"""
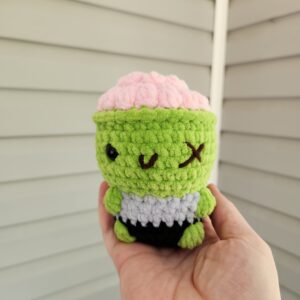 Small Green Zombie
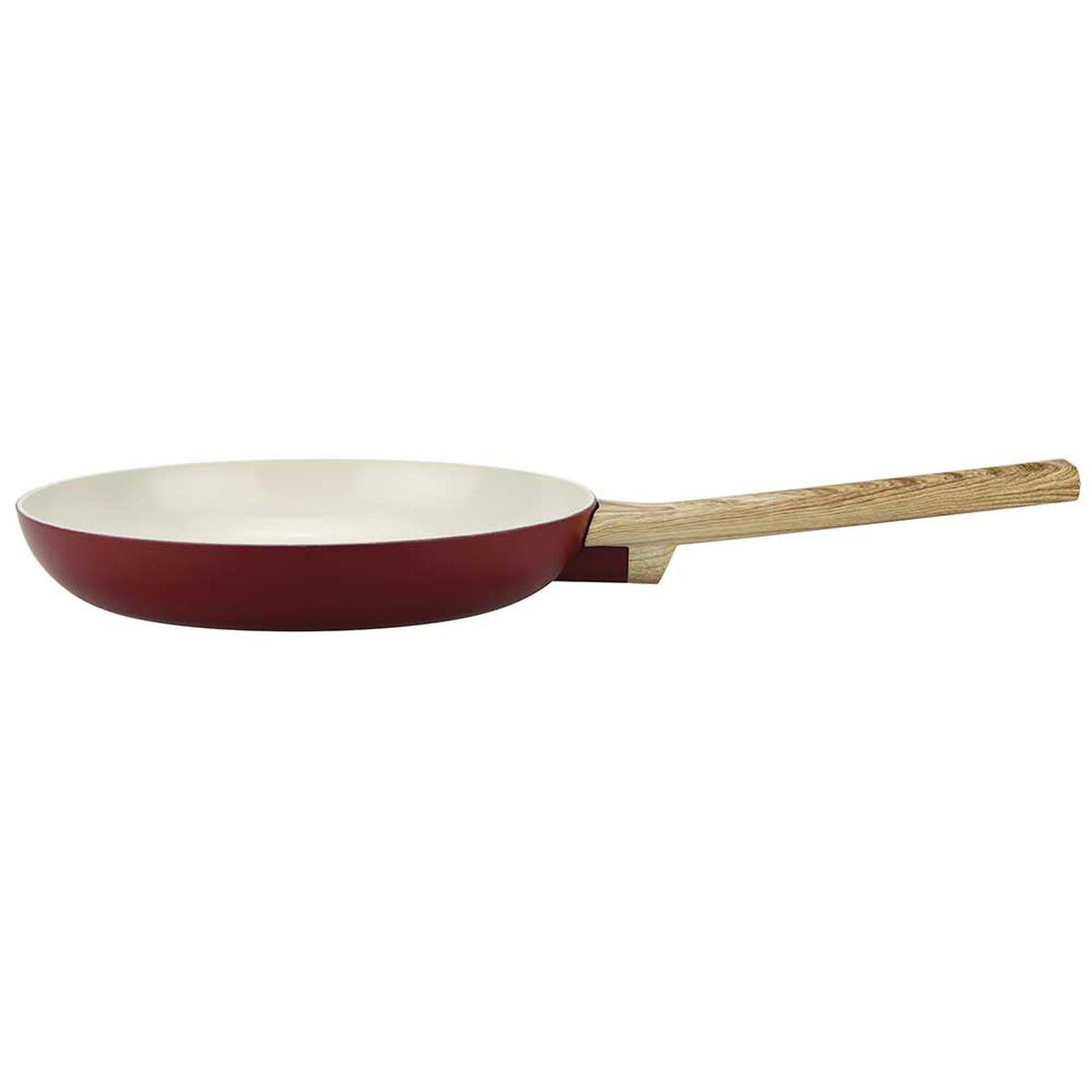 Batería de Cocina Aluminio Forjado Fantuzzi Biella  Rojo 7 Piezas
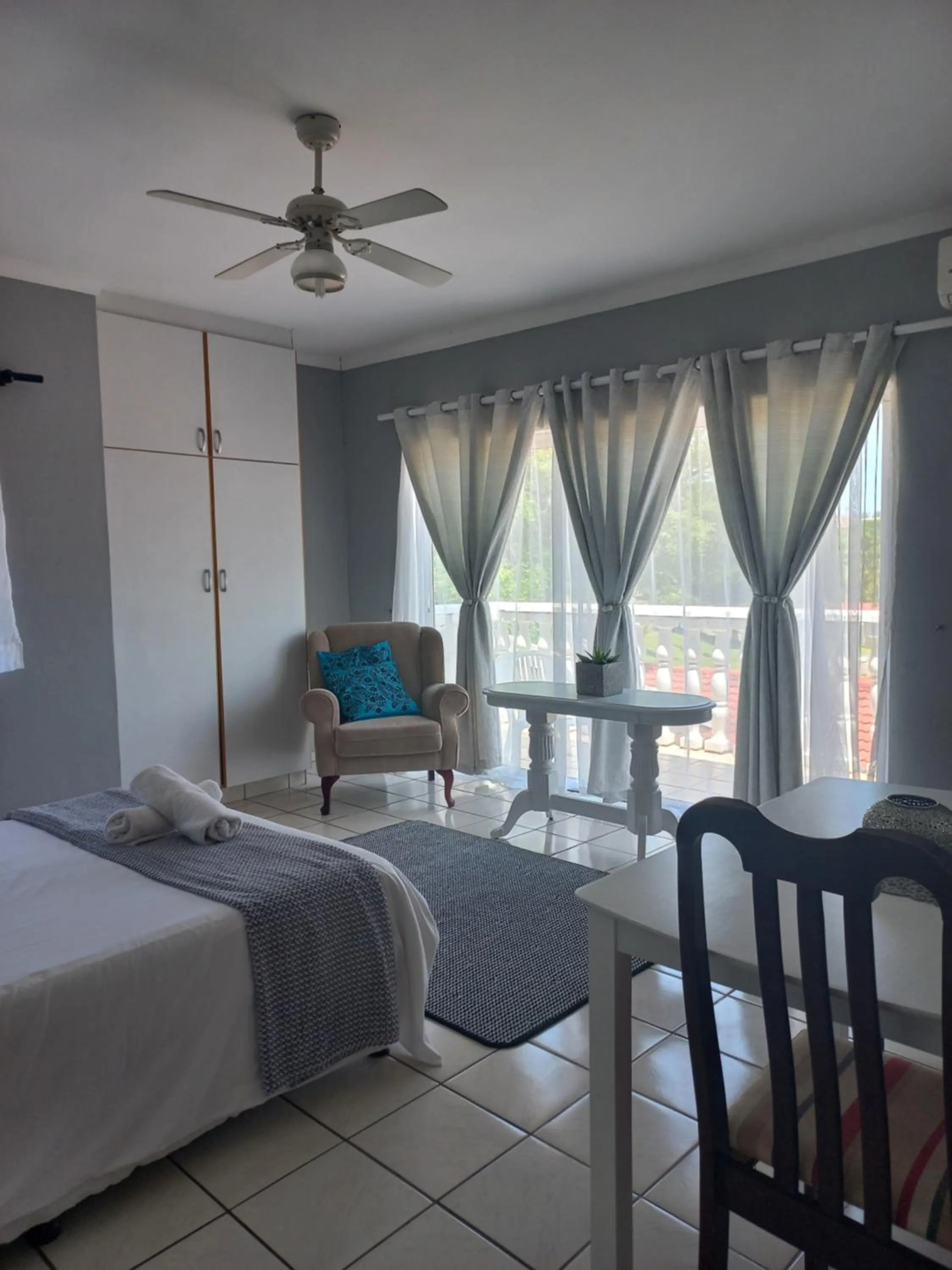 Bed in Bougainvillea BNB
"""
**Exercise prompt**
Beginning with the line that contains "Batería de Cocina", repeat every remaining line of the data exactly, the last line included, and omit pictures.

**Written solution**
 Batería de Cocina Aluminio Forjado Fantuzzi Biella  Rojo 7 Piezas
 Bed in Bougainvillea BNB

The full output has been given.